Here especially the local communities have been left behind.
Mining and the Use of Local Workforce
Greenland has, through a long period of time, built a work force capable of running core parts of
the country’s infrastructure and maintenance activities. This has been the result of the governmentfunded basic education system in combination with vocational training and a still small system of
professional education for teachers at the university in Nuuk, and the Arctic engineering education
in Sisimiut. The vocational training comprised of education provided by infrastructure companies
like Royal Arctic Line and Air Greenland in combination with a number of specialized technical
schools have provided skilled craftsmen to Greenland, recently supplemented by courses in mining.

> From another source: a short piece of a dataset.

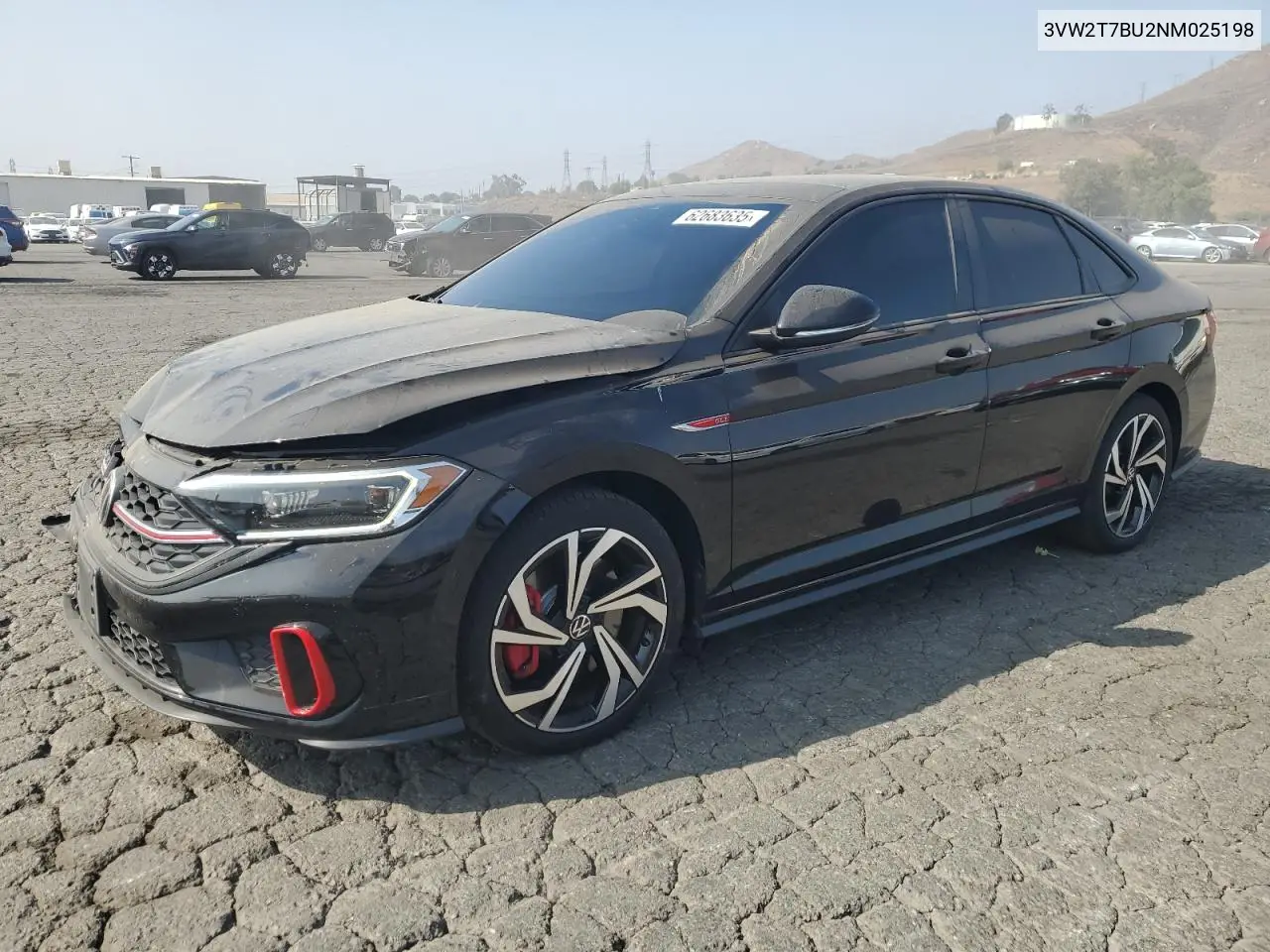 2022 Volkswagen Jetta Gli Autobahn VIN: 3VW2T7BU2NM025198 Lot: 62683635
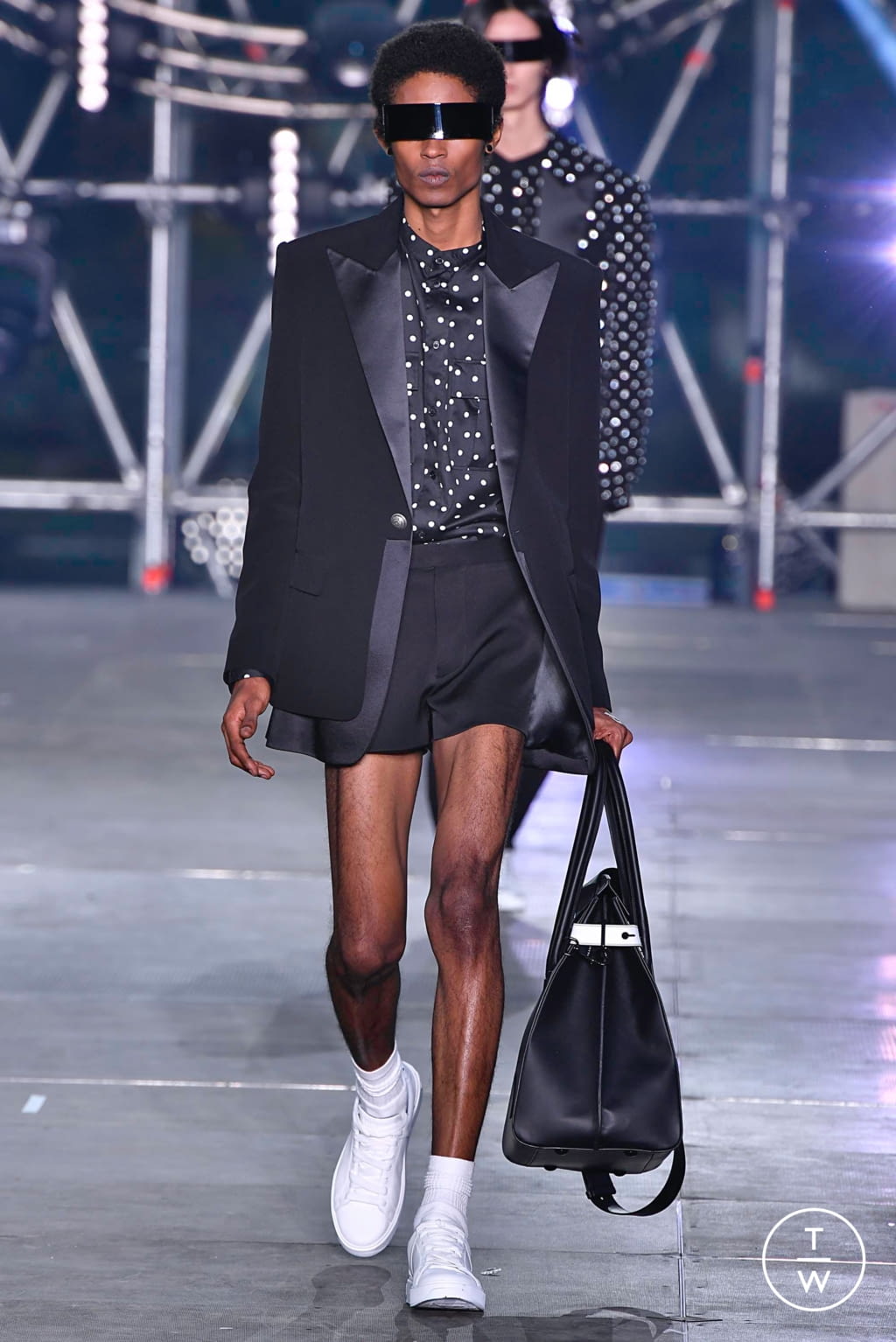 Fashion Week Paris Spring/Summer 2020 look 58 from the Balmain collection menswear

Though the recently opened mining school in Sisimiut is providing training for miners, the
specialized knowledge needed at all levels to run a mining operation is scarce and not currently
provided. This is not just a problem for Greenland, as mining operations generally are organized
based on global work practices and with a high degree of migrant workers that seem to accept long
working hours and a high degree of isolation in temporary barrack accommodations. The needed
workforce competencies and skills are not just related to the technical skills of the workforce but as
well to the workers’ adaptation to the specific social conditions that mining activities share with
other ‘remote’ and not settled types of technical work like the building of railroads, bridges,
pipelines, oilfields etc.
Only a few of the current, potential mining sites are directly connected to existing settlements. This
supports an often used strategy by mining companies calculating capacity, extraction periods, and
the subsequent closing of the activities while balancing the cost of equipment and the development
of market price for the minerals in question. The size of the workforce is seen as secondary. This
results in the so-called fly-in-fly-out operations based on the use of migrants or emigrant labour
accommodated in boarded, temporary accommodations at the mine itself, interrupted by shorter
furloughs at home. Intensive periods of work - 12 hour shifts, 6 days a week - are typical for this
type of work organization.
Experiences from Mining in Greenland
Experiences with this type of work organization are not particularly positive in Greenland. From
1972 to 1980 the Canadian (and later Swedish) mining company Greenex operated the zinc and lead
mine Marmorilik in the Uummannaq district (Nordregio 2009:12). The shifts were organized as 14
days of work followed by 14 days off (ibid: 13). Approximately 15% of the workers were born in
Greenland. (Dahl 1977: 6; Nordregion 2009: 15) An illustration of how Marmorilik was a special
community was the percentage of women, which during the period from 1992-1997 was only 9%.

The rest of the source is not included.